## Task instructions
Reproduce only this stretch of the listing below: from the line with "2026 GMC Sierra" through the line with "2019 Chevrolet Spark", exactly as written, with pictures excluded.

## Records shown
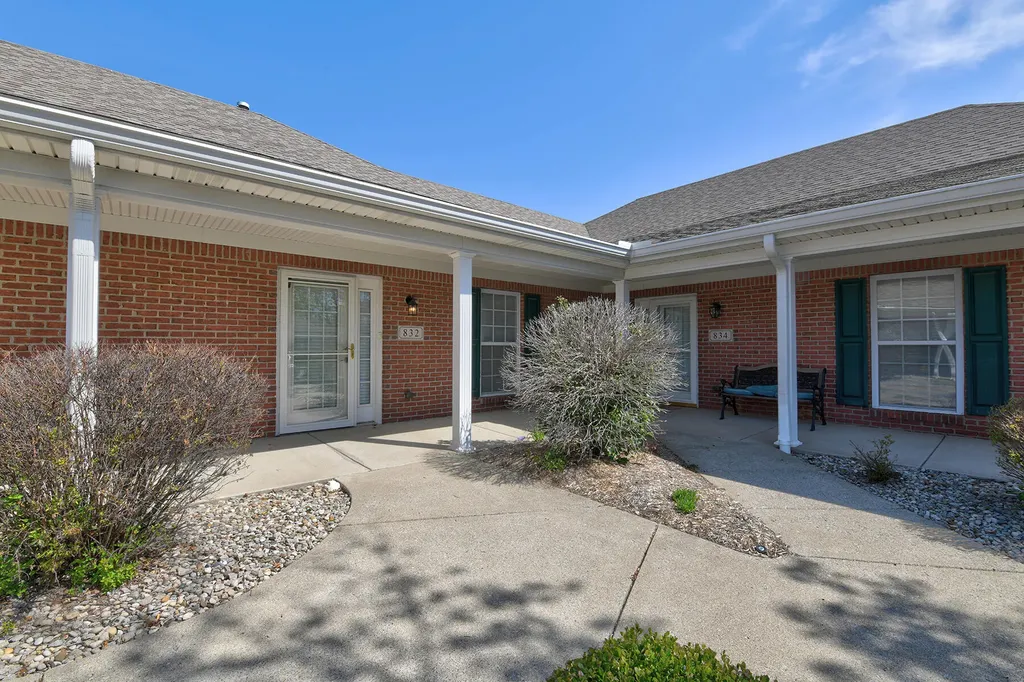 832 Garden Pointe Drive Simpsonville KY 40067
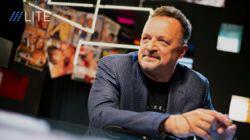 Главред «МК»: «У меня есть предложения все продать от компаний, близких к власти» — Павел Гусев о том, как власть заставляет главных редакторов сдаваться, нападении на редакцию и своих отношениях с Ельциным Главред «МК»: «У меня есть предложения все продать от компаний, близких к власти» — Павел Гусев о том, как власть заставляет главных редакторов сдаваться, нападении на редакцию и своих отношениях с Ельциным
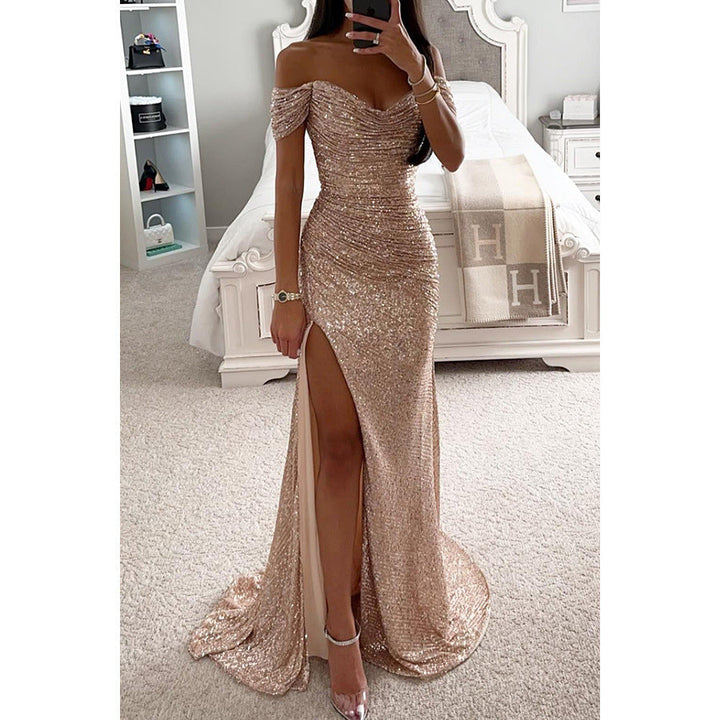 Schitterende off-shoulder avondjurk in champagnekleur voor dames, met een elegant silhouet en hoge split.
---
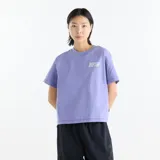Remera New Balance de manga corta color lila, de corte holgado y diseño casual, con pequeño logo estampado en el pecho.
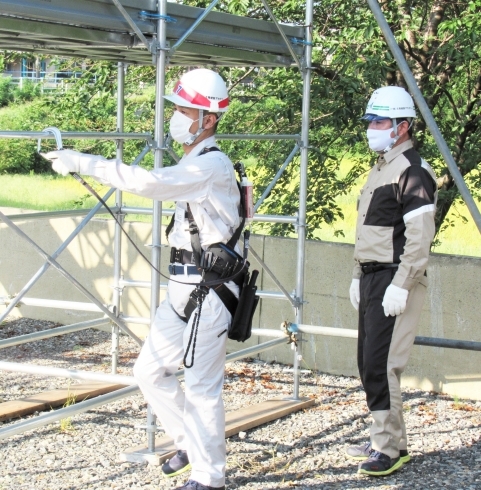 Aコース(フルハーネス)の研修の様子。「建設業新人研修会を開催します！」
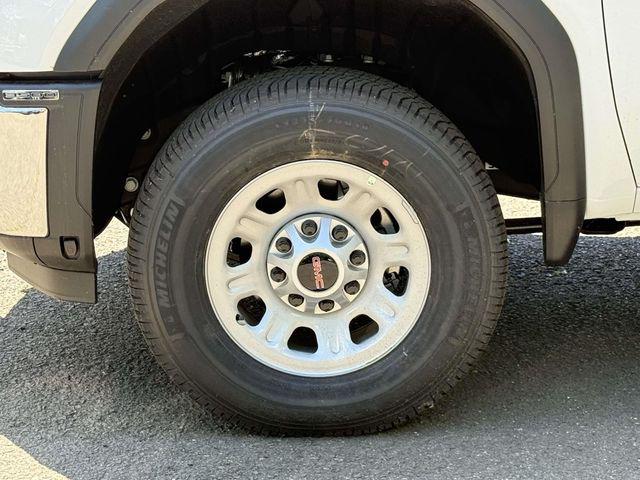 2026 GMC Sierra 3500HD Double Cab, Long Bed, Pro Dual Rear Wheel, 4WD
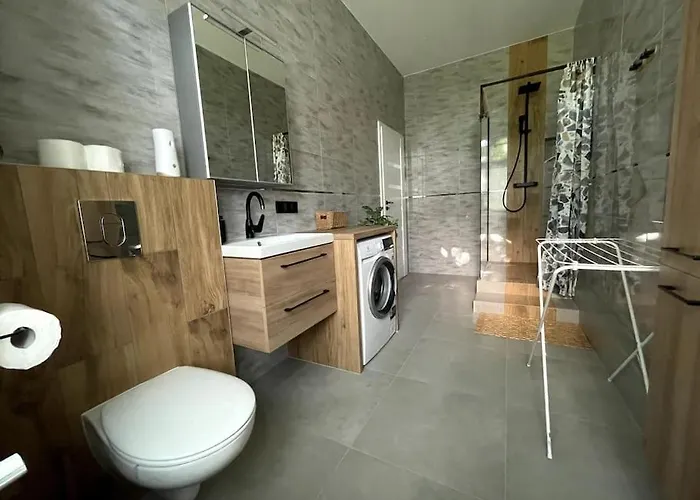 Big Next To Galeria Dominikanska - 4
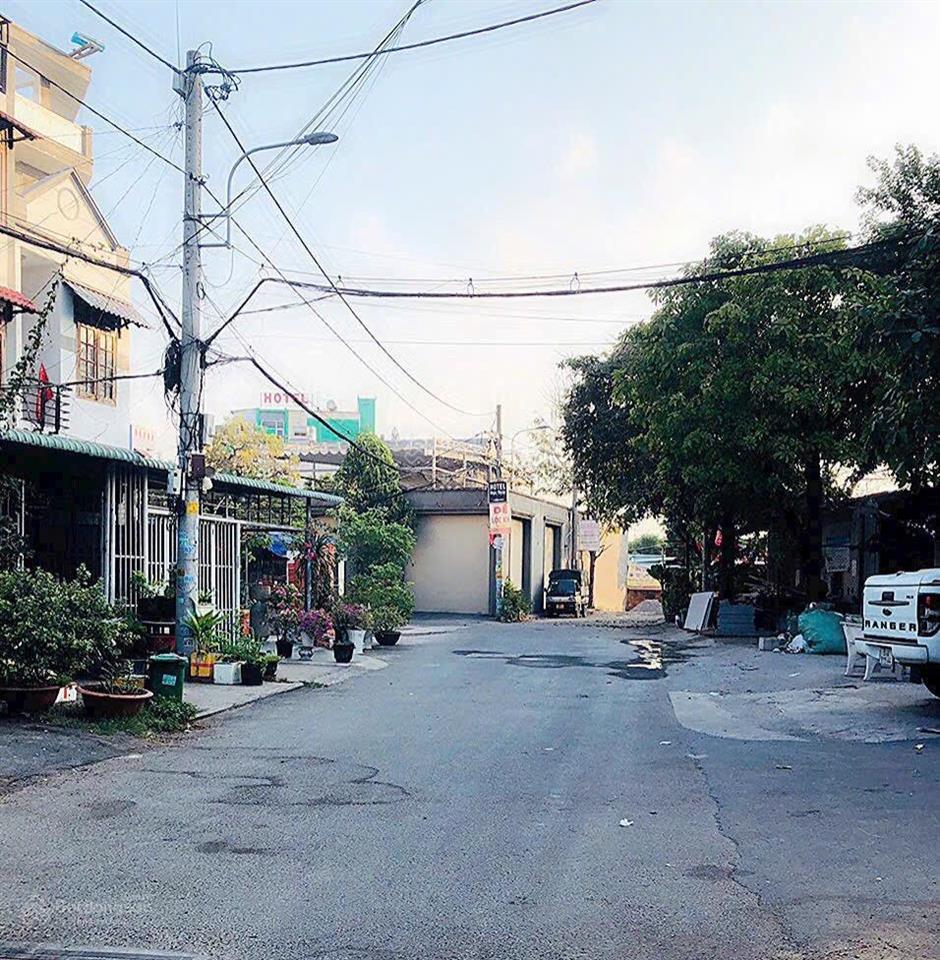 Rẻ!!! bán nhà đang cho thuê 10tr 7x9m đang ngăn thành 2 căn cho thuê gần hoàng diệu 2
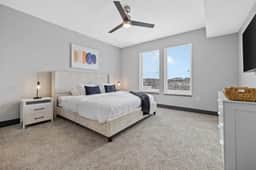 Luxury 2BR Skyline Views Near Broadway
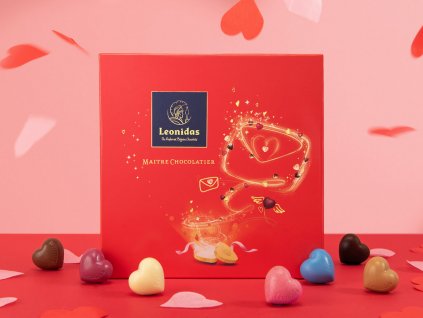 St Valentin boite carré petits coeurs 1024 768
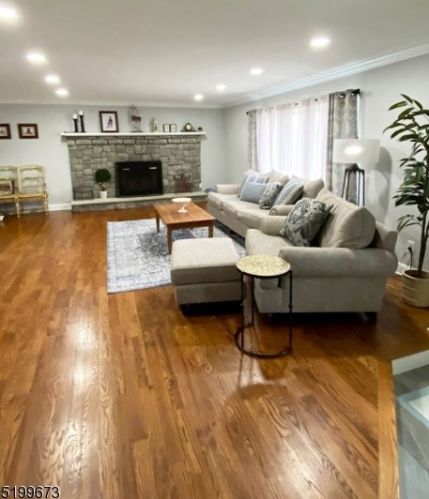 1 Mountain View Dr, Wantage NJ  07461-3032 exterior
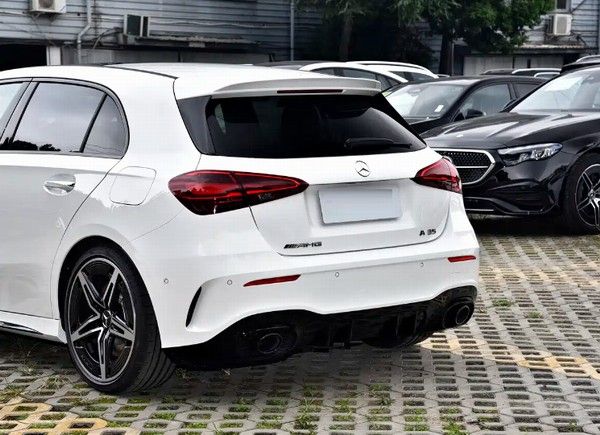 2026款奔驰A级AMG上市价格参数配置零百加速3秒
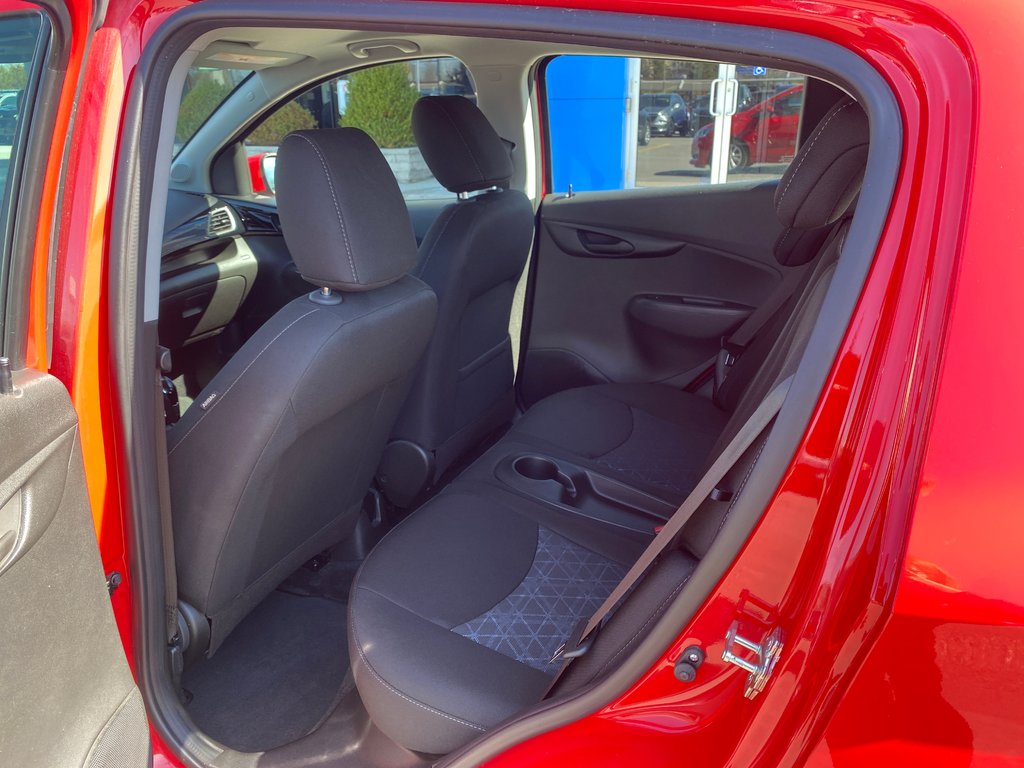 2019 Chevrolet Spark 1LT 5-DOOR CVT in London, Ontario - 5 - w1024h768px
---
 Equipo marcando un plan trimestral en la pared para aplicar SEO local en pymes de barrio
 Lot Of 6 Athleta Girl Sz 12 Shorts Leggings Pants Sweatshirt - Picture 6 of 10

## Solution for this exercise
 2026 GMC Sierra 3500HD Double Cab, Long Bed, Pro Dual Rear Wheel, 4WD
 Big Next To Galeria Dominikanska - 4
 Rẻ!!! bán nhà đang cho thuê 10tr 7x9m đang ngăn thành 2 căn cho thuê gần hoàng diệu 2
 Luxury 2BR Skyline Views Near Broadway
 St Valentin boite carré petits coeurs 1024 768
 1 Mountain View Dr, Wantage NJ  07461-3032 exterior
 2026款奔驰A级AMG上市价格参数配置零百加速3秒
 2019 Chevrolet Spark 1LT 5-DOOR CVT in London, Ontario - 5 - w1024h768px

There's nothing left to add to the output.